Author Topic: Add: The Quaker's Wife


Posted - 20 Mar 05 - 07:58 am

The Quaker's wife got up to bake
With all her children round her.
She gave them each a slice of cake,
And there the Baker found her.
He chased her up and down the town,
As fast as he could make her
And merrily danced the Quaker's wife,
And merrily danced the Quaker.

The Quaker's wife came to my door
To borrow a market penny,
But I'd been had that way before,
And said I had not any.
And oh she sighed and oh she cried,
Then she went up the street O,
But the wind it blew her cloak aside,
And there was the butcher's meat O!

My Aunty died a week ago
And left me all her money.
A little black hen, a pig in a pen,
And tenty jars of honey.
The hen and the pig they danced a jig
And knocked against the door O,
The honey it came trickling down
And stuck their feet to the floor O!

Jon Freeman

Posted - 20 Mar 05 - 08:41 am

The tune is a varient of one I know as Merrily Dance The Quaker or Merrily Kiss the Quaker. It's one that confuses me. I think I have played essentialy that version in sessions but the one I seem to play more often is a 3 parter. Same A but that B part is not used.

Jon Freeman

Posted - 20 Mar 05 - 08:47 am

Just tried a search of JC's and found a 4 parter. The one I most often play uses A,C,D parts of this.

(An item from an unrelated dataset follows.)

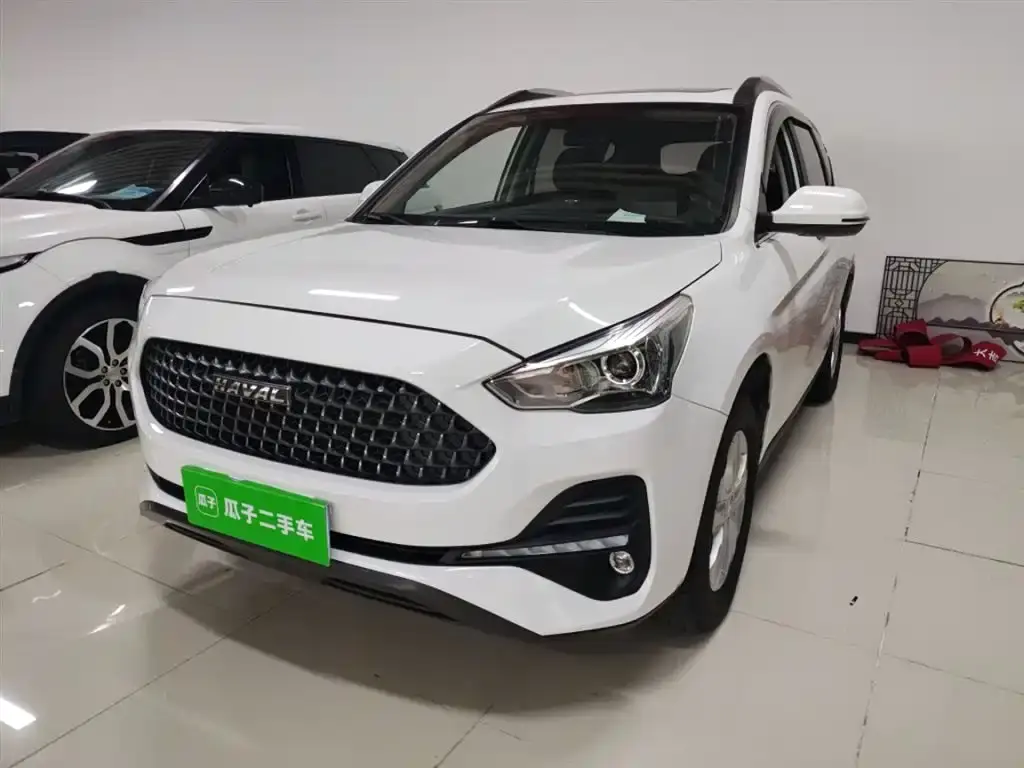 Haval M6 2019 1.5T DCT two-wheel drive elite model National V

T:Humours of Last Night (4-part version of Merrily kiss the quaker)
Z:Richard Robinson
F: 2005-03-20 08:36:56 UT
D/E/ |\
GAB D2E | c2A BGE | GAB D2E | A3 AGE |\
GAB D2E | c2A BGE | GAB D2E | G3 G2 ||
c |\
BcB Bcd | edc BAG | BcB Bcd | e3 g3 |\
BcB Bcd | ege dBG | GAB D2E | G3 G2 ||
c |\
BGG AGG | BGG AGE | GAB D2E | A3 A2 c |\
BGG AGG | BGG AGE | GAB D2E | G3 G2 ||
(3d/e/f/ |\
g2 aga | bge dcB | g3 gab | a3 age | \
gbg faf | ege dB>G | GAB D2E | G3 G2 |]

Jon Freeman

Posted - 17 May 05 - 01:09 pm

Another set of words in Singing Together, Summer 1978.

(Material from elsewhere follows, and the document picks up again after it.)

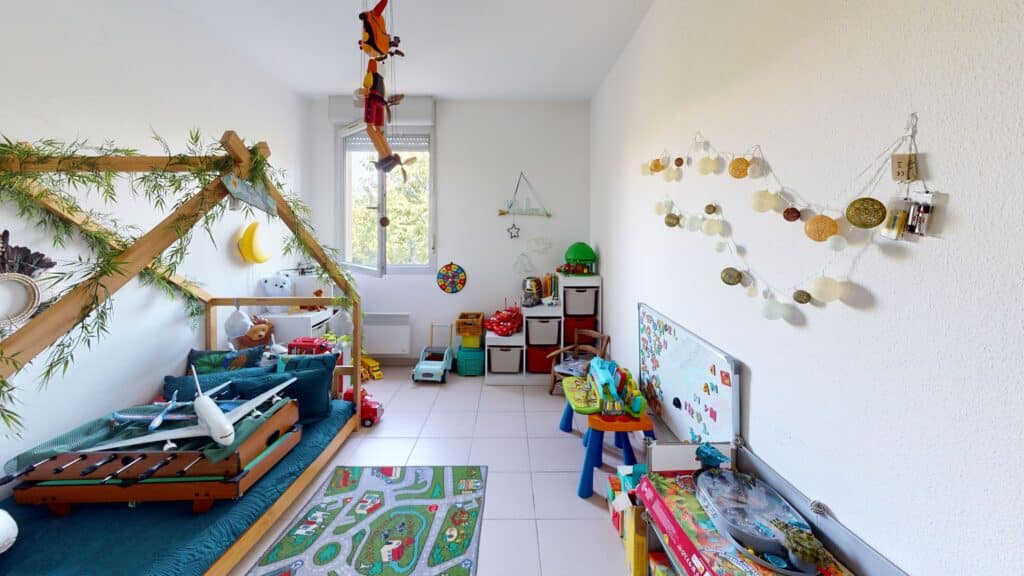 À VENDRE – Appartement T3 de 63,28 m² avec balcon et parking – Toulouse 31200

The Quaker's wife sat down to back,
With all her bairns about her.
She made them all a sugar chake
And the miller he wants his mouter.
Sugar and spice and all things nice,
And all things very good in it;
And then the Quaker sat down to play
A tune upon the s[inet.

The quaker's wife sat down to spin
And merrily turned the wheel, oh!
And then the quaker he looked in
To say he'd like a meal, oh!
For if you feed your good man well,
He'll love you all your life, oh!
And then to all the world he'll tell,
There never was such a wife, oh!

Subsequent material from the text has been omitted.